= Prompt =
For this exercise, please return exactly the line containing "G is for Giraffe 20x30 poster" and each line after it through the end of the records, with no pictures included.
Input for this task Block Start
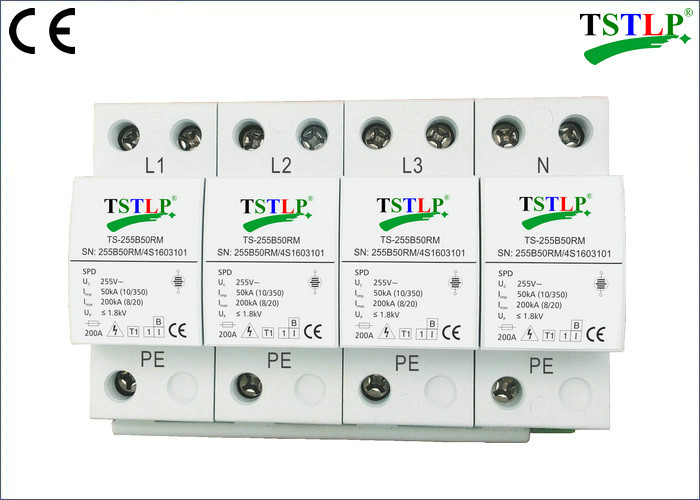 Iimp 50kA Type 1 Voltage Surge Suppressor For Transient Voltage Surge Suppression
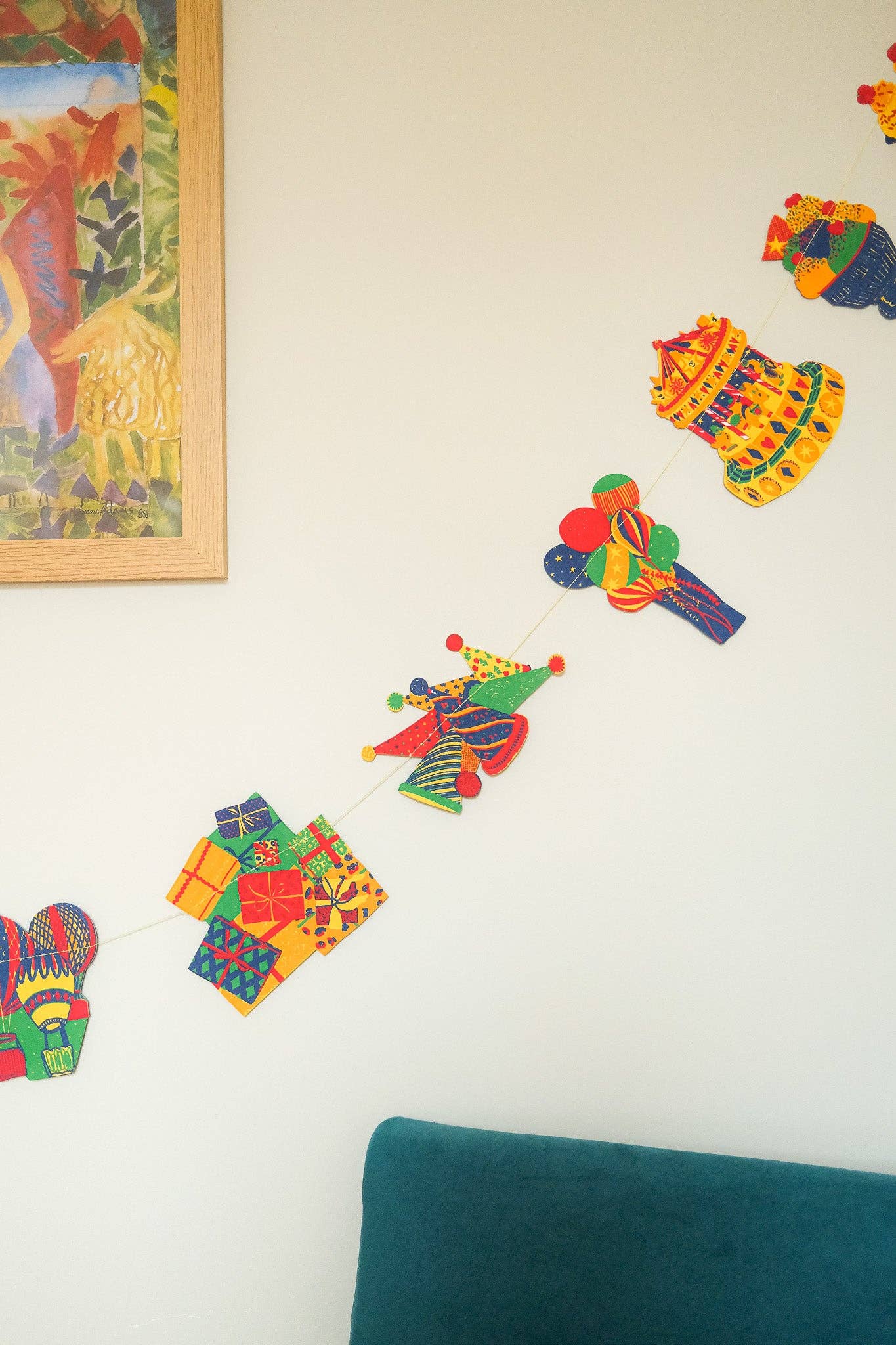 East End Press - Birthday Party Sewn Garland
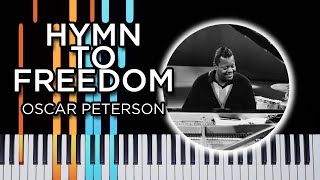 Hymn to Freedom (Written by Oscar Peterson played by Robi Botos) - Jazz piano trio tutorial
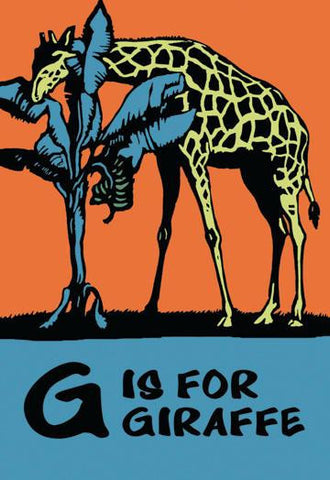 G is for Giraffe 20x30 poster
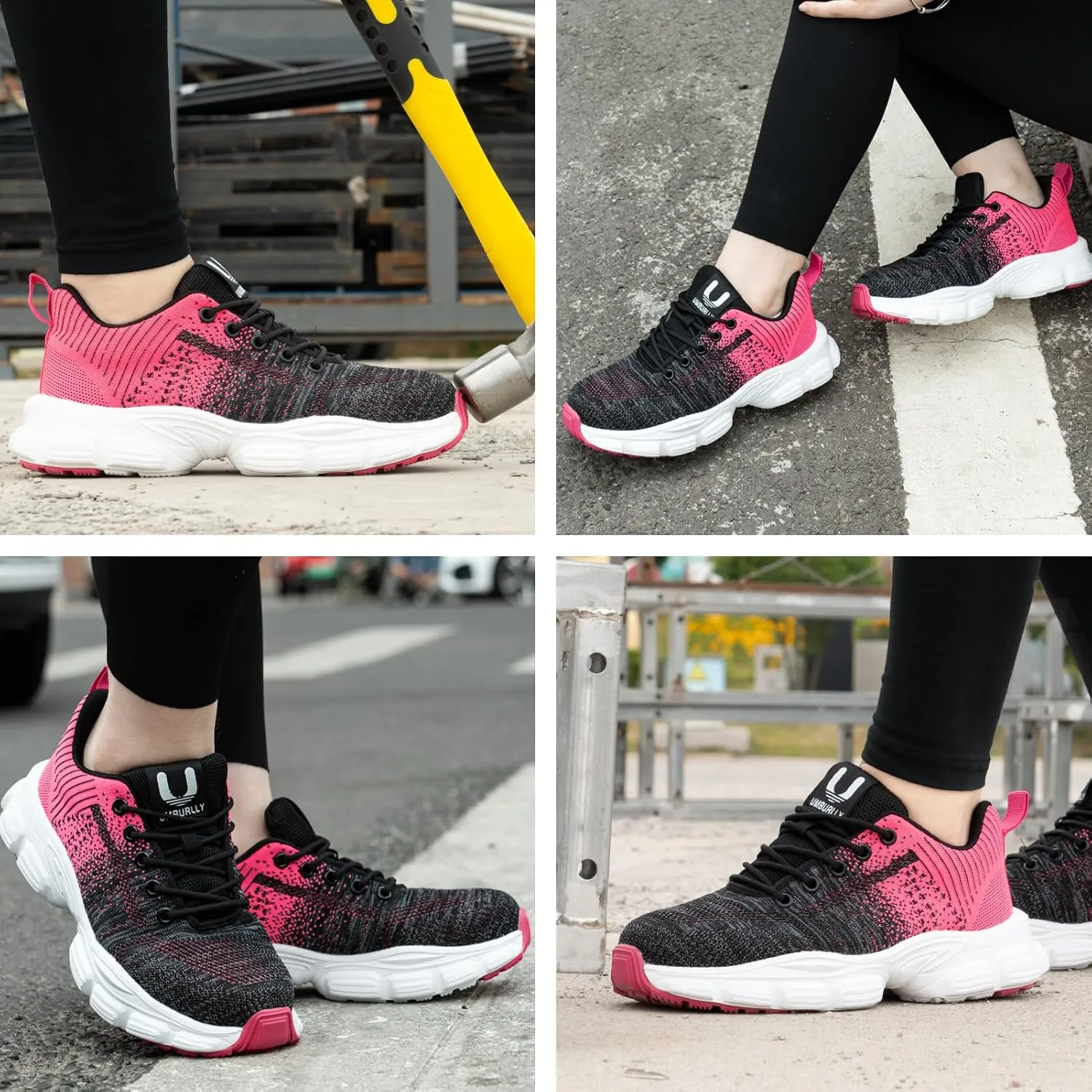 Steel Toe Shoes for Men Women Composite Toe Work Sneakers Indestructible Safety Tennis Shoes Lightweight Breathable Construction Sneakers Puncture Proof Air Cushion Ergonomic Design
Input for this task Block End
= Solution to this problem =
 G is for Giraffe 20x30 poster
 Steel Toe Shoes for Men Women Composite Toe Work Sneakers Indestructible Safety Tennis Shoes Lightweight Breathable Construction Sneakers Puncture Proof Air Cushion Ergonomic Design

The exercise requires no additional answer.